WHAT IS GENOMICS?
Genomics is the study of an organism’s/ individual genome (total genetic complement- sum of genes and intergenic sequences). The complete genome study is required to:
- Determine what is missing from the genome
- Identify genes and pathways that are difficult to study biochemically.
- Study evolution of the organism and genome.
- To understand and find every gene that is in the pathway of interest.
- Identify variant sequences that may have subtle phenotypes.
The genomic study is done by the use of high throughput DNA (Deoxyribonucleic acid) sequencing and bioinformatics to assemble and analyze the function and structure of entire genomes. Researchers can use the information obtained to search for genetic variations and/ or mutations that may play a role in the development or progression of a disease.
WORKFLOW:
Genomic study or research is not just the laboratory work, there is a lot of effort that goes into collecting, storing and transporting the samples (tissue) for the research work. The Yellow Ribbon is an orthopedic oncology organization with the mission to help every individual with bone or soft tissue tumor get the best outcome in the world by involving the best professionals and adapting cutting edge technology warranted, without any cost barrier. At TYR (“The Yellow Ribbon”), we collected fresh samples of tissues (A sample of biopsy while taking was dipped into RNA later) of a few sarcoma patients which were then stored in RNAlater. This can be obtained from any of the genomics laboratories. RNAlater is an aqueous, nontoxic tissue storage reagent that rapidly permeates tissue to stabilize and protect cellular RNA in situ in unfrozen specimens.
FFPE blocks of several sarcoma patients were also considered for this study.

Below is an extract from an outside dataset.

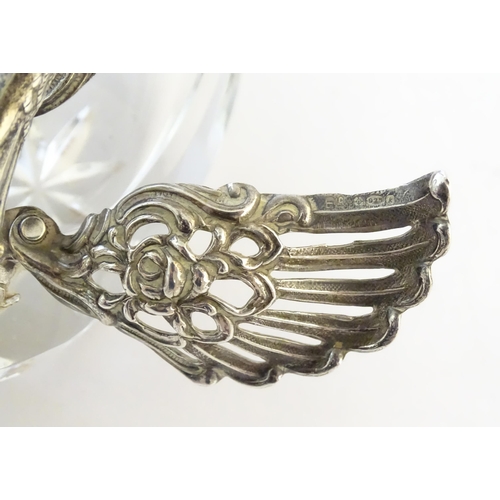 481 - A cut glass salt with silver mounts modelled as a swan. Approx. 2 3/4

FFPE (Formalin-fixed paraffin-embedded) is a form of preservation and preparation for biopsy specimens that aids in examination, experimental research, and diagnostic/ drug development. A total of 39 samples of various patients diagnosed with Ewing Sarcoma, Osteosarcoma, Synovial sarcoma and Giant cell tumor were collected. For the FFPE samples, the corresponding slides were marked for the tumor rich region by the pathologist. The collected fresh samples and the FFPE blocks, slides were then sent to the 4baseCare Genomics laboratory for further processing. 4baseCare is an Illumina Accelerator Company, engaged in the development of cutting-edge precision oncology solutions, using advanced genomics and next-gen digital health technology, based in Bangalore, India to personalize patient care in oncology. 4baseCare Genomics in Research Collaboration with TYR further processed the samples.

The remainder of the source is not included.